Gregório de Matos é um exemplo de como se pode misturar a Tradição e o Moderno em um mesmo escritor. Religioso, ele escreveu diversos poemas sacros valendo-se dos princípios católicos dominantes na colônia. Seus poemas sacros refletem uma tradição que se mantinha na colônia desde o Quinhentismo, principalmente através dos poemas de José de Anchieta. Os poemas sacros de Gregório de Matos são voltados para as questões religiosas e, a exemplo dos sermões de Vieira, exaltam Deus e a religião católica. Ao mesmo tempo, seus poemas satíricos são mordazes nas críticas a alguns elementos das fileiras eclesiásticas, pessoas e hábitos da sociedade. 
Assim, vemos que tanto Vieira quanto Gregório de Matos encarnam a dicotomia presente no Barroco. Ambos refletem o conservadorismo nos seus sermões e poemas quando exaltam a visão católica de Deus, já que as idéias da Reforma Protestante ainda não haviam tido penetração no Brasil. Concomitantemente a isso, ambos demonstram um grande espírito crítico e visão política ao relatar fatos que acontecem na colônia. A visão crítica e o uso da razão – veja-se a lucidez de Vieira ao analisar elementos políticos e, até mesmo, o uso que alguns padres faziam da religião –, que seriam marcas de um período posterior, já estavam presentes nos escritos desses dois autores.
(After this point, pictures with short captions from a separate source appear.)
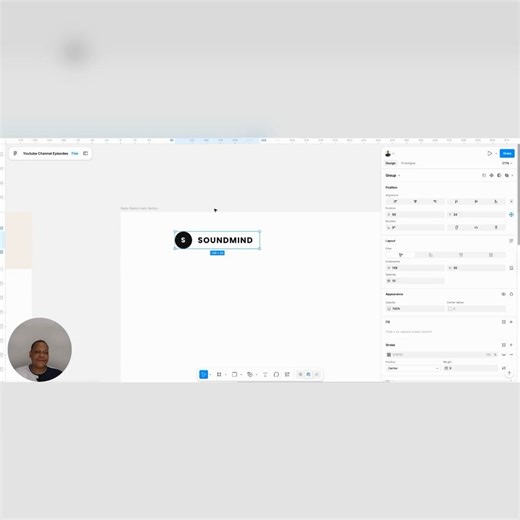 Carlos Pessane on Instagram: "This Logo Design Trick Is Genius. In this episode, we tackle the fundamentals of how to design a logo, specifically focusing on a clean circle logo. This graphic design tutorial is perfect for anyone looking to create effective branding elements. We quickly walk through the process, demonstrating how to achieve a professional logo design using Figma. 💡 📲 Work With Me, 🛠️ Services I Offer 💬 UX/UI Design Consultations 📱 Mobile App Design 🖥️ Web App Design 🌐 Web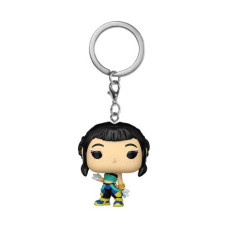 Игровая фигурка на клипсе FUNKO POP! серии "Кейпоп-охотницы на демонов" - ЗОИ
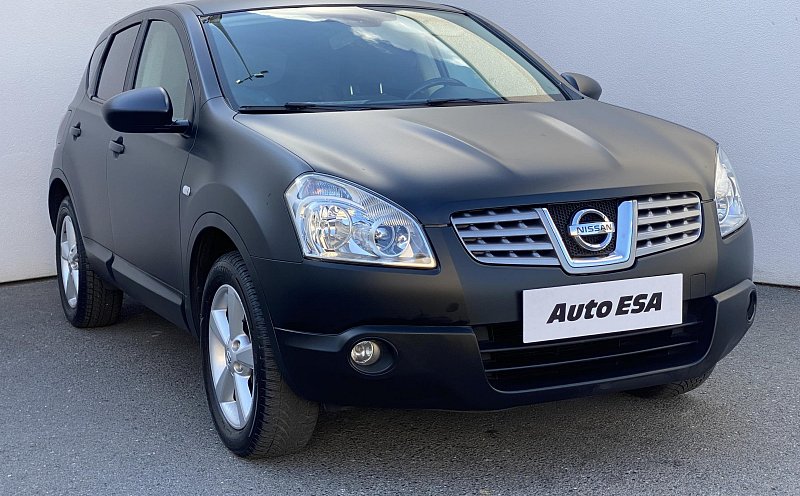 Nissan Qashqai 1.6i Acenta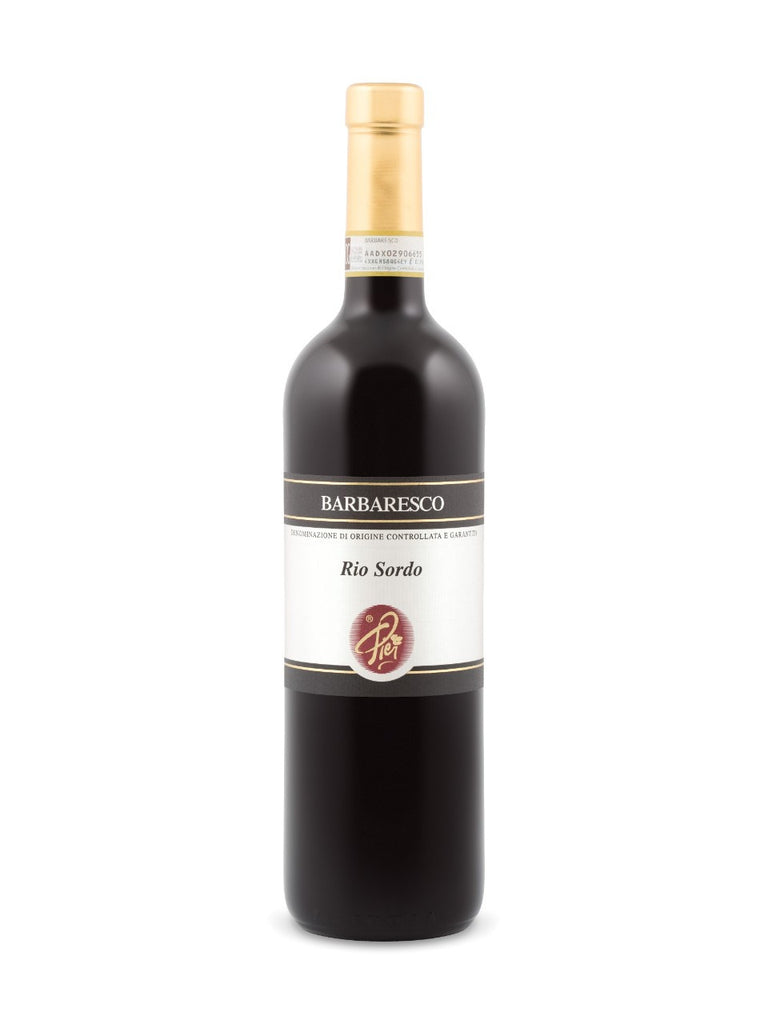 Pier Rio Sordo Barbaresco 2009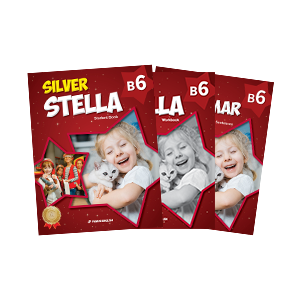 Silver Stella B Vol.6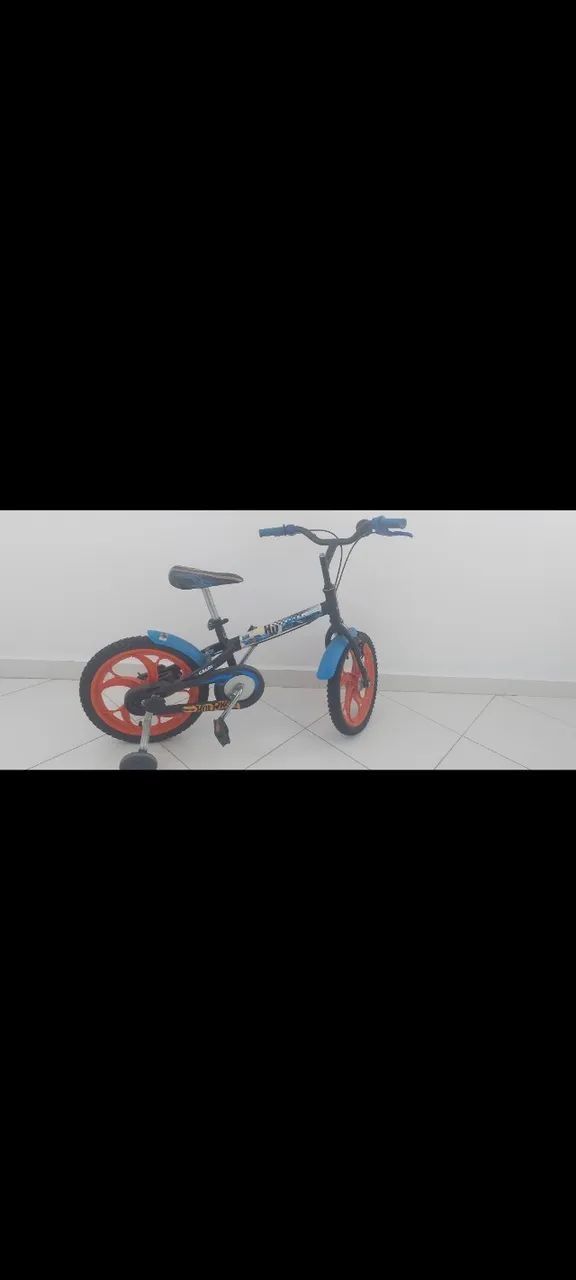Bicicleta aro 16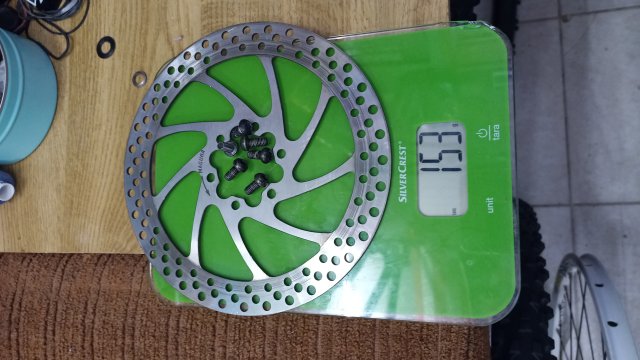 Mongoose NX 9.5 1999 #116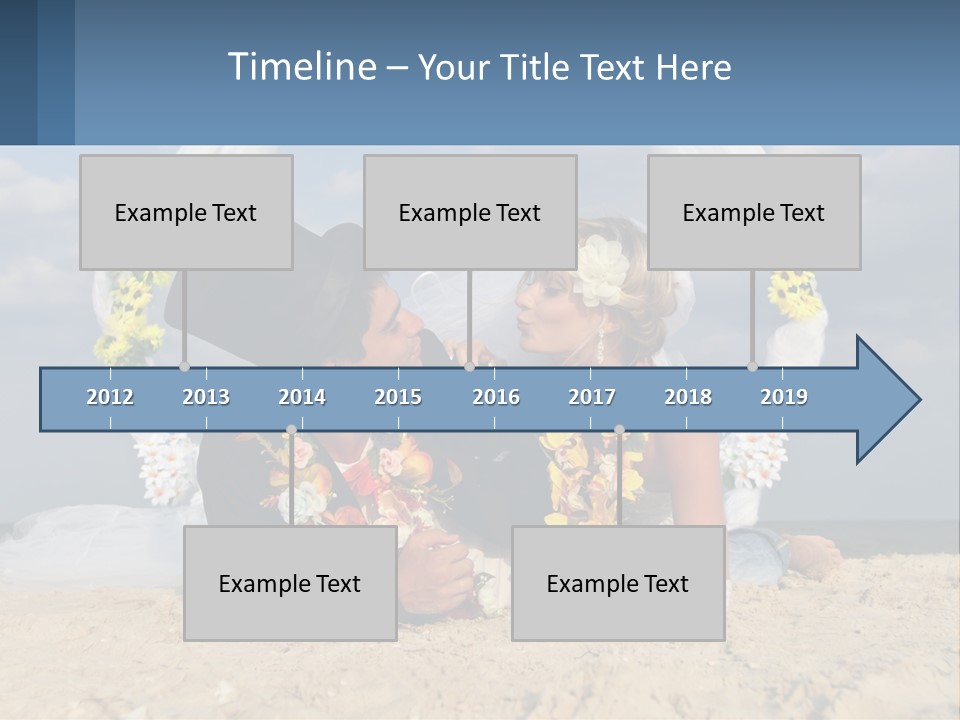 Decorative Isolated Box PowerPoint Template
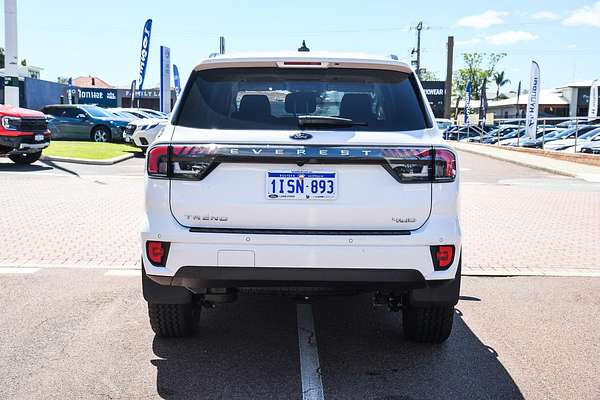 2024 Ford Everest Trend 2.0L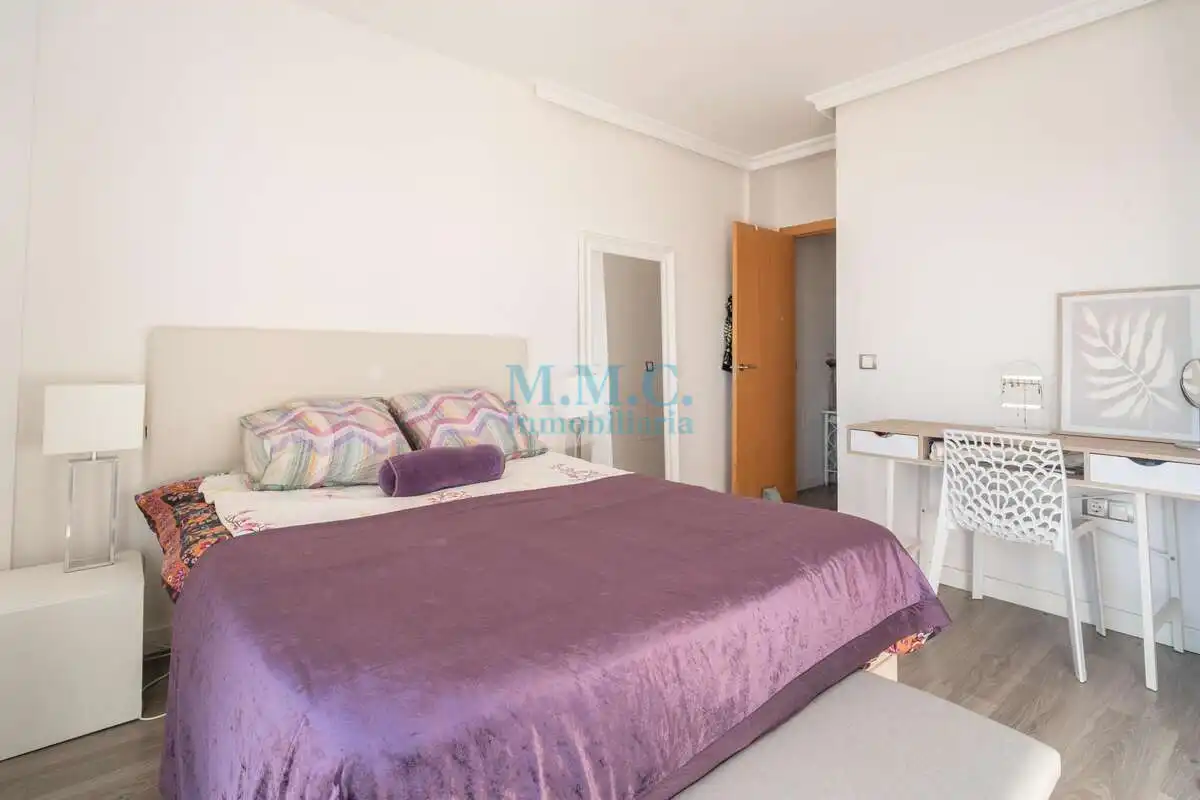 Tríplex amb terrassa en venda a Aguadulce, imagen 7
O Barroco, longe de ser apenas um hiato entre o Renascimento e o Neoclassicismo, lançou as bases do que viria a ser o pensamento dominante em períodos posteriores: o Homem questionando-se sobre sua missão e lugar no mundo, questionando a religião (Vieira e Matos criticavam alguns membros do clero), discutindo a política. Paradoxalmente, exaltava posturas que não condiziam com um pensamento racional, lógico. Assim, podemos dizer que o Barroco foi um estilo que marcou uma transição. Representou a defesa de um arcaísmo ao mesmo tempo em que lançou as bases de um pensamento moderno. Dessa maneira, em seu bojo, o Barroco foi um estilo extremamente paradoxal. E o paradoxal é uma marca da “modernidade”.